ところが妙なことに、こうした保険は英米法では、保険法の規制を受けない。金融業者にとって都合のいいことに、保障されているのは「証券」だから、証券法でしか規制されない事業となる。「社債保険」「国債保険」は、「保険契約」でなく、Credit Default Swap(CDS=企業の債務不履行にともなうリスクを対象にした金融派生商品)とうまい名前がつけられている。
「バラの名前を何にしようと、香りには変わりはない」とシェークスピアは言ったが、CDSと保険には一つ大きな違いがある。保険の場合、自分の家に保険をかけるのはいいが、他人の家に勝手に保険をかけることは許されない。
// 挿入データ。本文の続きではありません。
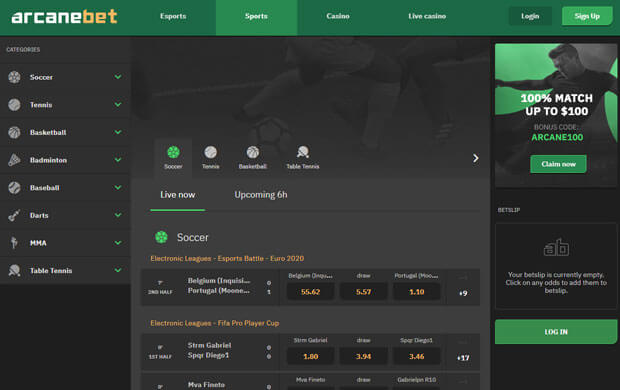 Arcane Bet Sport Page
こっそり火をつけてしまう誘惑にかられるのは、あまりにも明らかだからだ。
一方、アメリカを含む多くの国では、当該会社の社債を一枚も持っていなくても、その社債に対するCDSはいくらでも市場で買うことができる。これを「裸の」CDSという。
「裸の」CDSは、多くの金融業者、ヘッジファンドにとって理想的なギャンブル市場となっている。何かの情報を先取りして、「あの会社は危ないかも」と聞けば、掛け金一パーセントで市場に出ているCDSを買おうとする。それを嗅ぎつけた他の人も買おうとして、銀行などが掛け金二パーセントの新契約を発行する。すると、「あの会社はやはり危ない」と、取引会社や下請け、資材供給会社などが警戒し、信用売りつけを拒む。そして当該会社の実態は悪化し、評判はさらに悪くなり、市場で新CDSの掛け金は三、四パーセントと上がる。そうした「人工的」スパイラルに嵌まり、不合理にも実際に倒産してしまう企業は少なくない。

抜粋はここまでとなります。